[RECORDS FOR PROCESSING]
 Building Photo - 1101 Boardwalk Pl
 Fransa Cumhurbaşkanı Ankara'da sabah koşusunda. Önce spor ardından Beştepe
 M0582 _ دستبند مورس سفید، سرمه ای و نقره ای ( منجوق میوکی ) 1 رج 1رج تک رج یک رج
[/RECORDS FOR PROCESSING]
[RECORDS FOR PROCESSING]
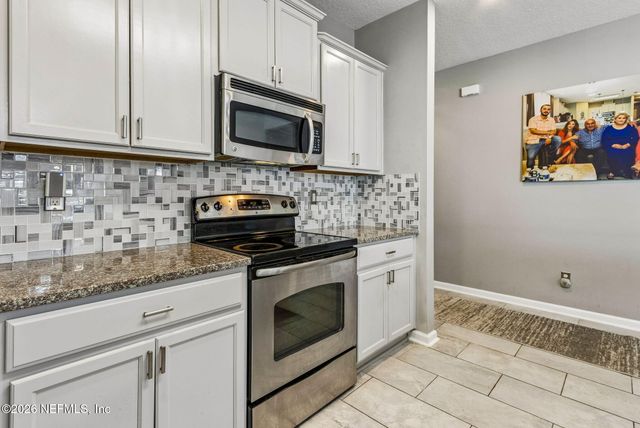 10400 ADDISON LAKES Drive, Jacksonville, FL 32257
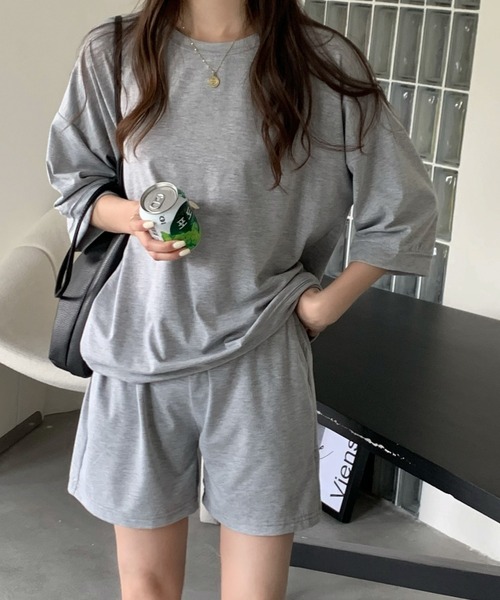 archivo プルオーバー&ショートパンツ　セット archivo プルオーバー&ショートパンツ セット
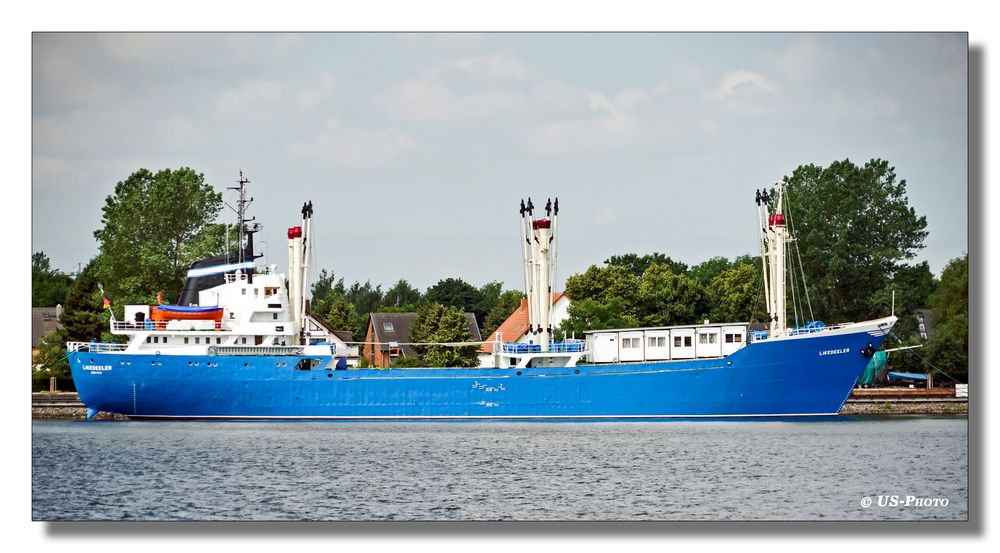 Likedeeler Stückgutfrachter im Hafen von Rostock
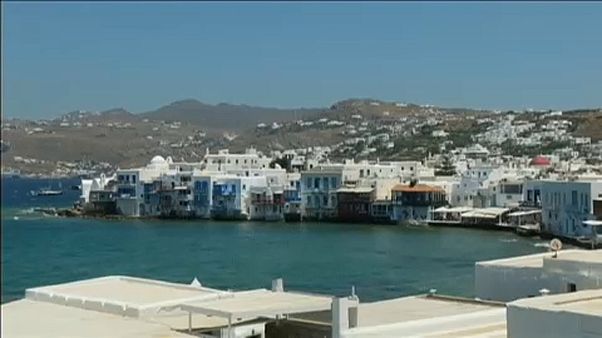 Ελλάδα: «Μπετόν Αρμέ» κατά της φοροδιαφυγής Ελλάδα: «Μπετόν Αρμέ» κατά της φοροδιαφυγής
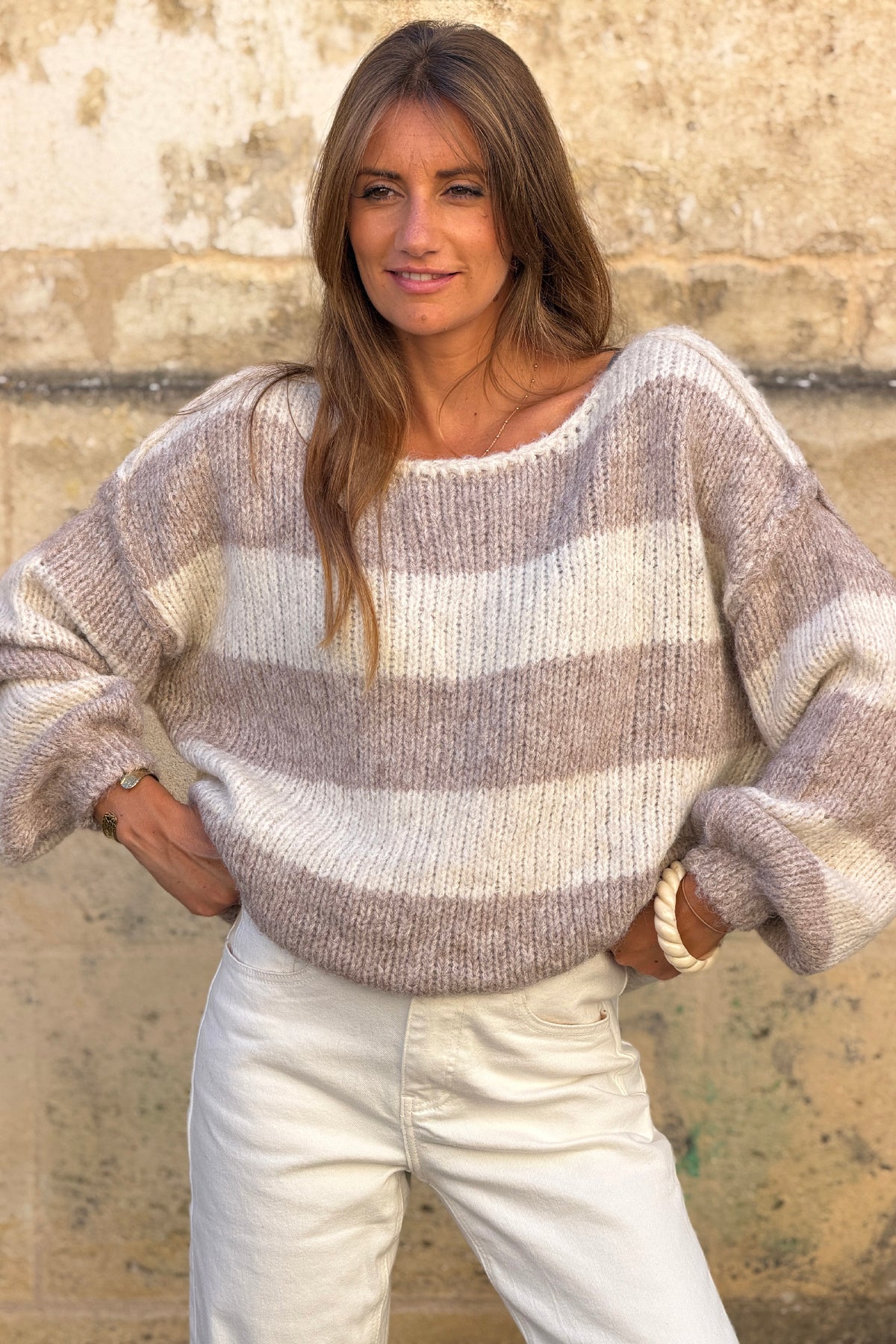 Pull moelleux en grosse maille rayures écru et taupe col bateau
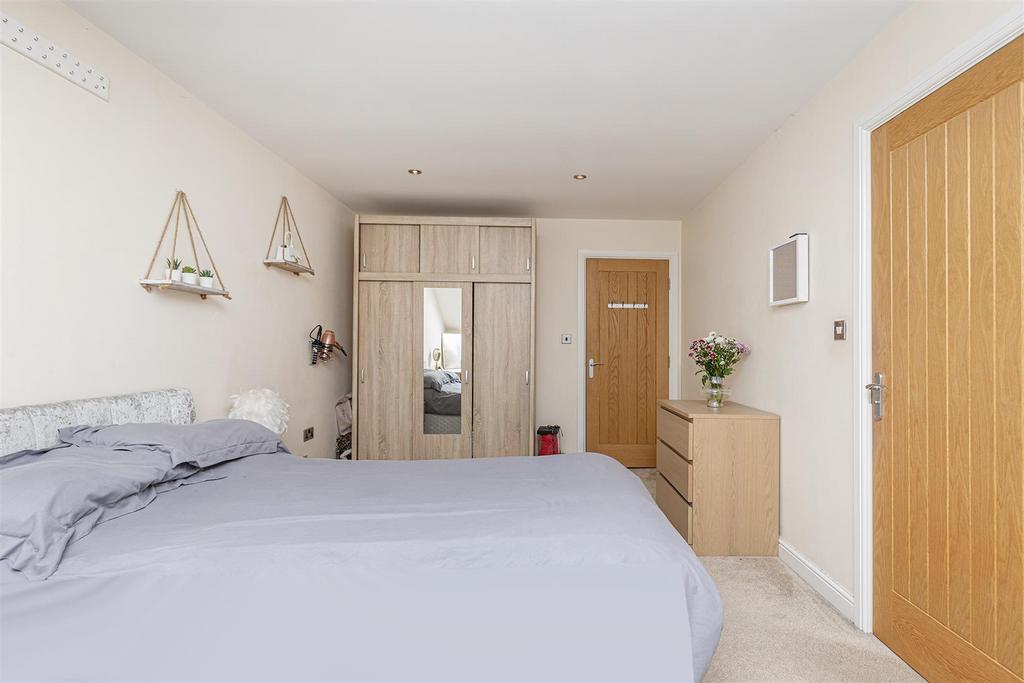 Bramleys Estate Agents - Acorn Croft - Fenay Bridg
[/RECORDS FOR PROCESSING]
[RECORDS FOR PROCESSING]
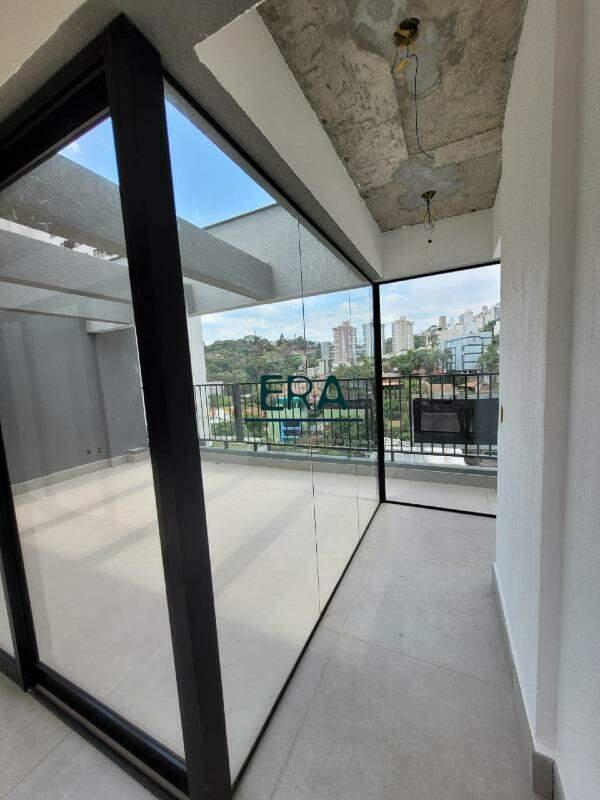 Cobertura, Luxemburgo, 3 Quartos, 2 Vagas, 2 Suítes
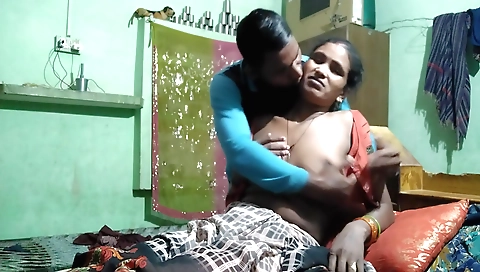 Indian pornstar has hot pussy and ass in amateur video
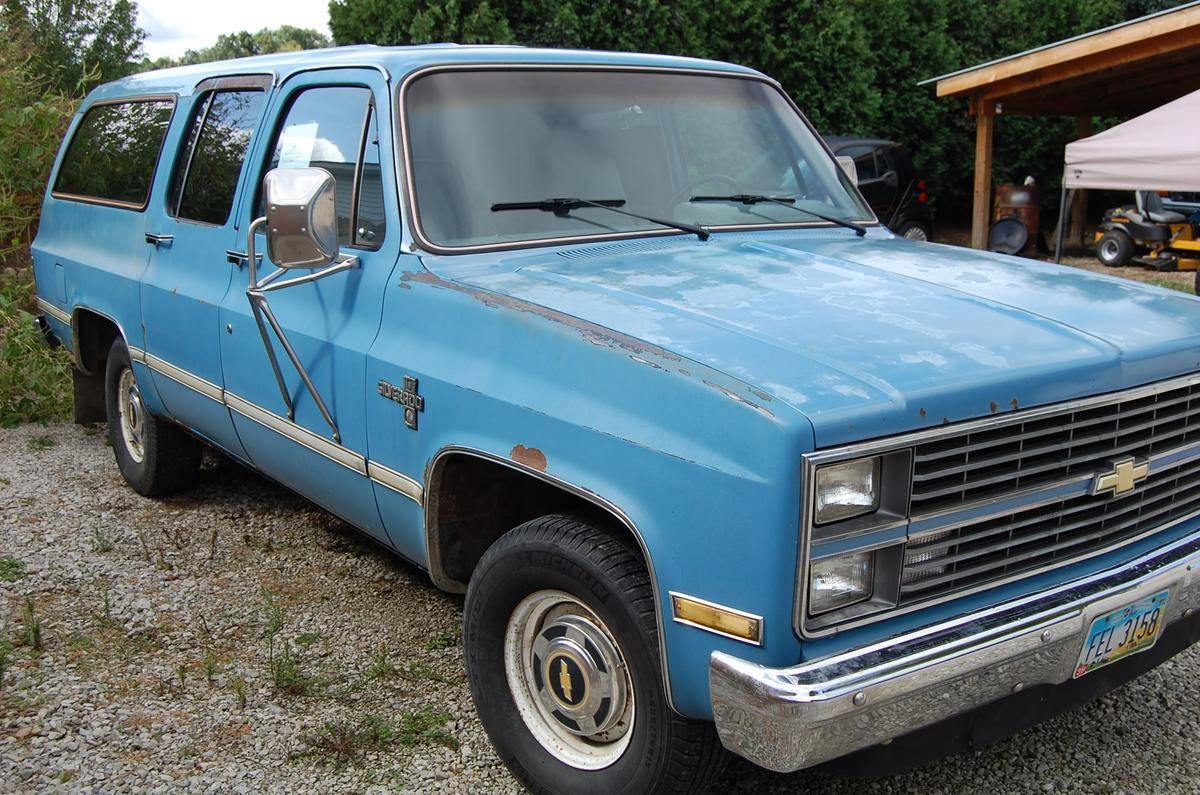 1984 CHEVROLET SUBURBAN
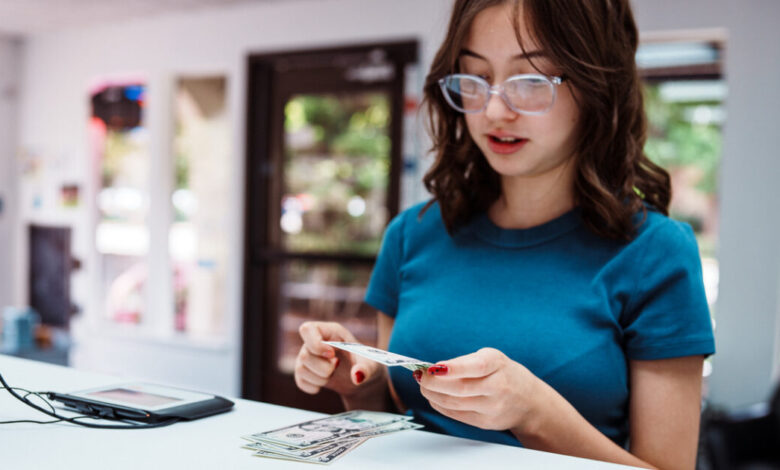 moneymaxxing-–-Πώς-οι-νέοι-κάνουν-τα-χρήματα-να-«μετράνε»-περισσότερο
[/RECORDS FOR PROCESSING]
**HOW TO COMPLETE THIS TASK**
The lines to copy exactly start with the line above that has "10400 ADDISON LAKES" and go on through the line that has "Pull moelleux en"; please include both, add nothing else, and omit the pictures.

**TASK RESULT**
 10400 ADDISON LAKES Drive, Jacksonville, FL 32257
 archivo プルオーバー&ショートパンツ　セット archivo プルオーバー&ショートパンツ セット
 Likedeeler Stückgutfrachter im Hafen von Rostock
 Ελλάδα: «Μπετόν Αρμέ» κατά της φοροδιαφυγής Ελλάδα: «Μπετόν Αρμέ» κατά της φοροδιαφυγής
 Pull moelleux en grosse maille rayures écru et taupe col bateau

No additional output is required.